Segment Start: LISTED RECORDS

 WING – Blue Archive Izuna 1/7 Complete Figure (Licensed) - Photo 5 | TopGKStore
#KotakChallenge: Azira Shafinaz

Segment End: LISTED RECORDS
Segment Start: LISTED RECORDS

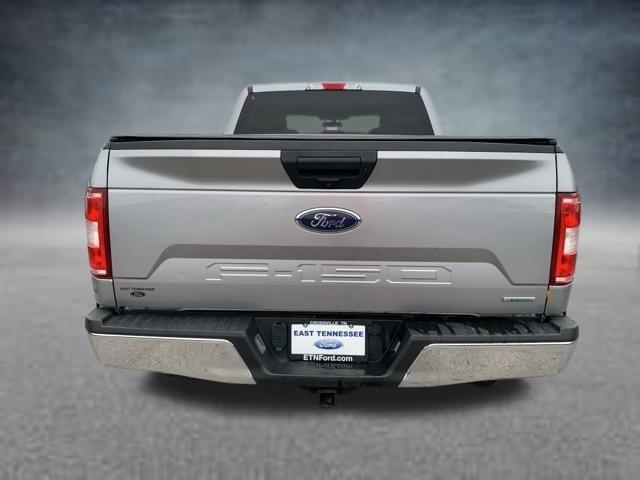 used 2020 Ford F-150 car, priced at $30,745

Segment End: LISTED RECORDS

Copy, exactly and only, the lines above that begin with the one containing "WING – Blue" and finish with the one containing "#KotakChallenge: Azira Shafinaz".

 WING – Blue Archive Izuna 1/7 Complete Figure (Licensed) - Photo 5 | TopGKStore
#KotakChallenge: Azira Shafinaz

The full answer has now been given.